# [GIVEN INFORMATION]

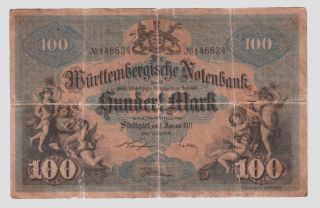Paper Money 100 Marks Germany 1911 Vg - Vintage - Rare Banknote photo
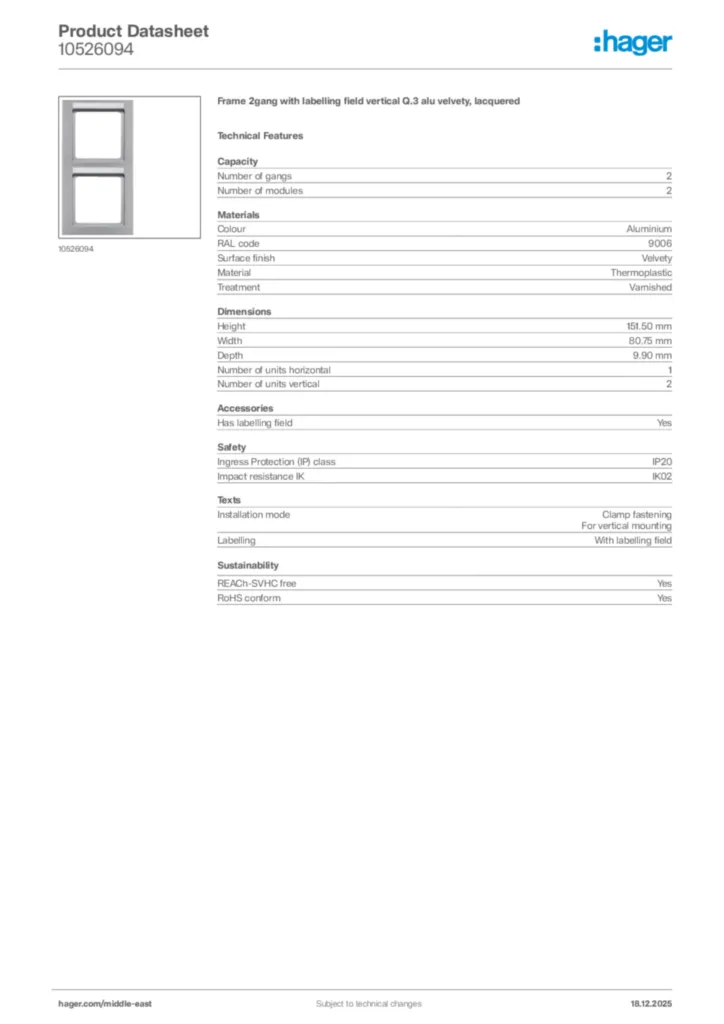 Image Hager Product data sheet 10526094  | Hager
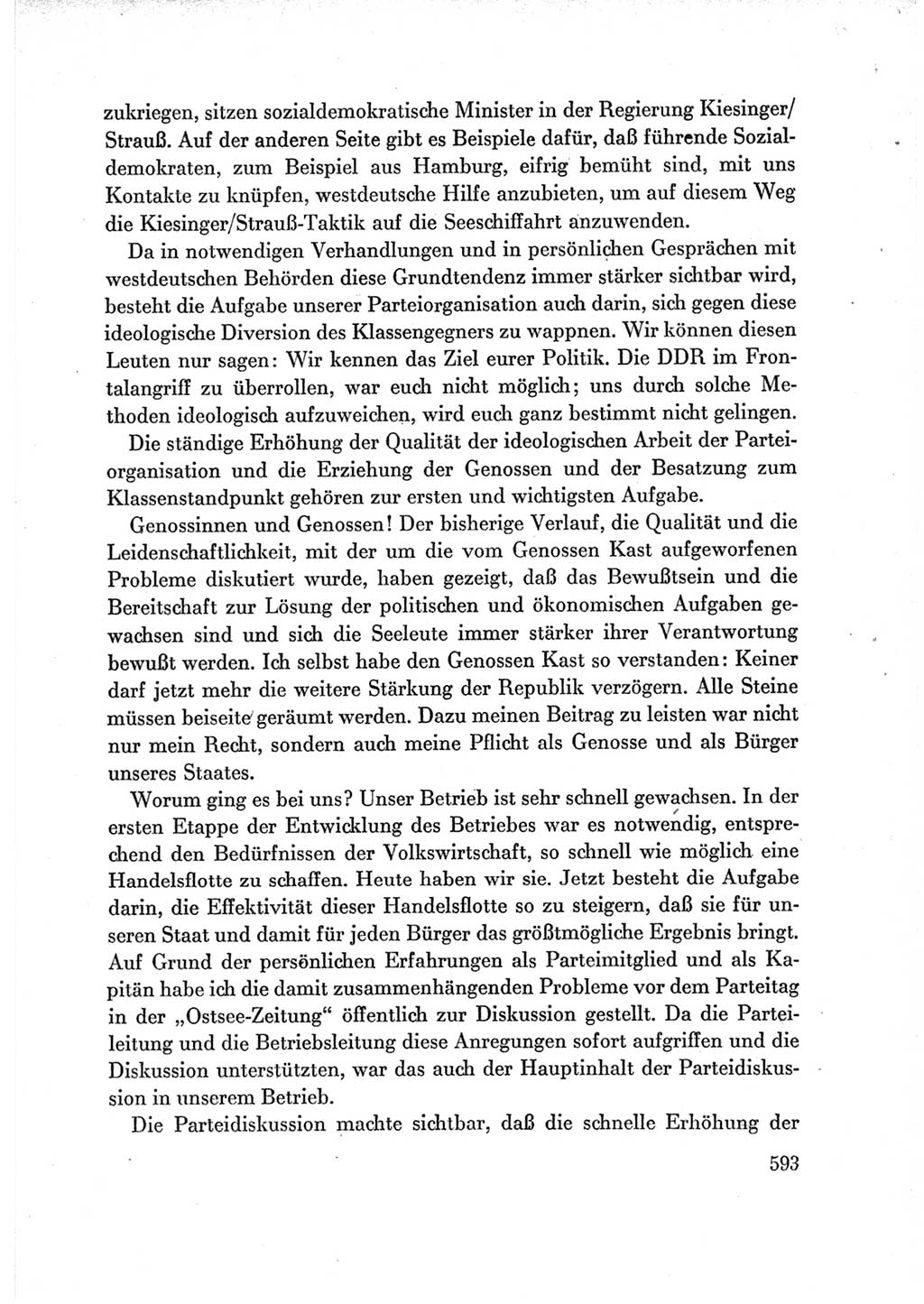 Protokoll der Verhandlungen des Ⅶ. Parteitages der Sozialistischen Einheitspartei Deutschlands (SED) [Deutsche Demokratische Republik (DDR)] 1967, Band Ⅲ, Seite 593 (Prot. Verh. Ⅶ. PT SED DDR 1967, Bd. Ⅲ, S. 593)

# [EXERCISE REQUIREMENTS]
Omit the pictures, then output the rest of the listing exactly.

# [SOLUTION FOR THIS TASK]
Paper Money 100 Marks Germany 1911 Vg - Vintage - Rare Banknote photo
 Image Hager Product data sheet 10526094  | Hager
 Protokoll der Verhandlungen des Ⅶ. Parteitages der Sozialistischen Einheitspartei Deutschlands (SED) [Deutsche Demokratische Republik (DDR)] 1967, Band Ⅲ, Seite 593 (Prot. Verh. Ⅶ. PT SED DDR 1967, Bd. Ⅲ, S. 593)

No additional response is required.